Prison breakouts becoming regular

Editorial, Normal

The National, Thursday June 11th, 2015

 LAST Friday’s breakout from Morobe’s Buimo jail is nothing new but only adds another dimension to the country’s growing concerns of security. 

Prison breakouts have become too common. 

The breakout is, as Governor Kelly Naru pointed out, a wake-up call and urged the government to upgrade prison facilities. 

Naru, a veteran lawyer who has had his day in court for many criminal or civil matters, puts the long delays in the justice system down to police investigations not conducted and concluded in a timely fashion.

The figure supplied by the prison authorities – 52 remandees and only four convicts – highlights the big problem facing prisons in PNG.  

There is an unnecessarily large number of people awaiting court appearances compared to inmates serving terms.

Naru pointed out that the overcrowding at prisons, especially by remandees awaiting their trials, is not to do with courts. 

It is to do with police investigations and prosecutions that delay their functions due to rundown buildings without appropriate equipment for officers to write reports or vehicles and fuel to conduct investigations.

Naru’s comments are simillar to observations made by the late Chief Ombudsman Chronox Manek in a presentation at the International Society for the Reform of Criminal Law in June 2006.

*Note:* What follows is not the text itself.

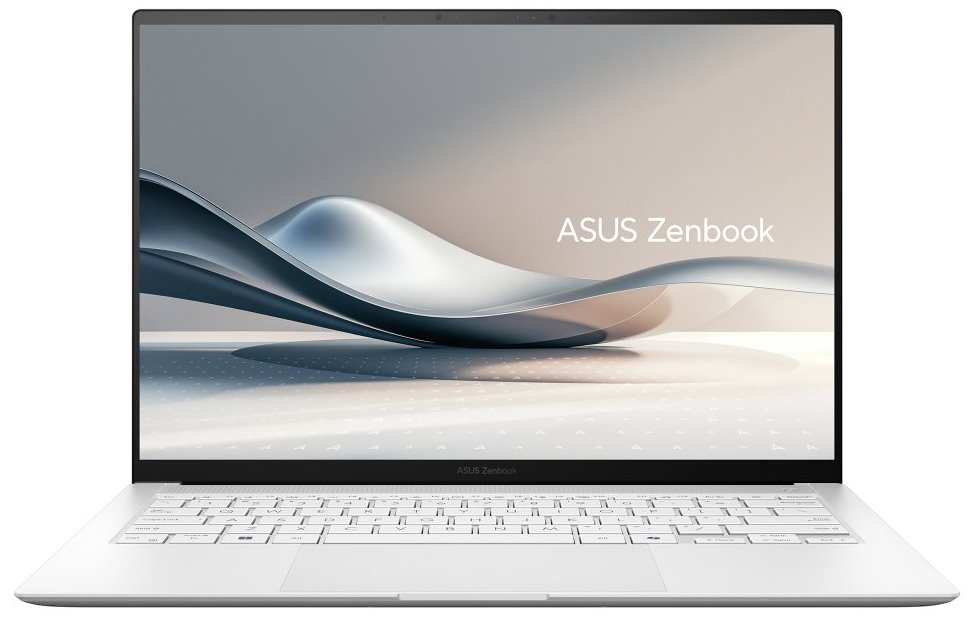 ASUS Zenbook S/ Core Ultra 7/ 32GB DDR5/ 1TB SSD/ Intel® Arc™/ 14" WQXGA+,OLED,Touch/ W11P/ bílý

As Public Prosecutor then, Manek spoke of the high number of remandees or detainees awaiting trial at the country’s prisons as an indication of an ineffective justice system.

The Constitution affords all persons the full protection of the law and specifically states that it applies to persons in custody or charged with an offence.

The Constitution  seeks to ensure that a person charged with a criminal offence will have a fair hearing within a reasonable time.

Prior to being appointed the Public Prosecutor Manex occupied the position of Public Solicitor and in that position he was concerned that many of the clients represented by his office were waiting inordinate lengths of time to have their cases resolved. 

He was concerned at the conditions under which those clients were being detained.

Manek further pointed out in his presentation that since Independence in 1975 there has been a decrease in the number of persons serving sentences whilst proportionally the number of remandees has increased. 

Section 37(3) of the Constitution (Protection of the Law) provides that a person charged with an offence shall, unless the charge is withdrawn be afforded a fair hearing with a reasonable time, by an independent and impartial court. 

That, however is not the case in many criminal cases and this is the reason for the overcrowding in prisons.

With the decrease in convicted prisoners held in gaol one might suggest that Papua New Guineans have become more law abiding but unfortunately that is far from reality. 

The criminal justice system has become less capable of investigating, arresting and successfully processing criminal offenders in a timely and efficient manner. 

This has led to increased remand populations and decreasing convicted populations.

“Remandees awaiting unreasonable delays are a symptom of a system that is inefficient or not working. Papua New Guinea is undertaking action to unblock and streamline the system,” Manek said. 

“It is hoped that it will lead to a criminal justice system that is more appropriate and affordable.” 

That was Chronox Manek on June 14, 2006. 

Nine years on, has this situation changed much? 

That question is best answered by the agencies of law enforcement but the view from outside is that very little has changed.  

In the absence of full logistical capability, the prison authorities can only bank on the public’s cooperation to help recapture the escapees or expect common sense to steer them to surrender.  

Following the escape of prisoners from Buimo, Correctional Services Minister Jim Simatab announced plans to hold a national summit to draw government 

and public attention of the status of the country’s prisons. 

Meetings of such nature have been seen as talk fests but this, if it does come about, should be a platform to chart a radical reform to the Correctional Services and a big step in improving the justice system overall.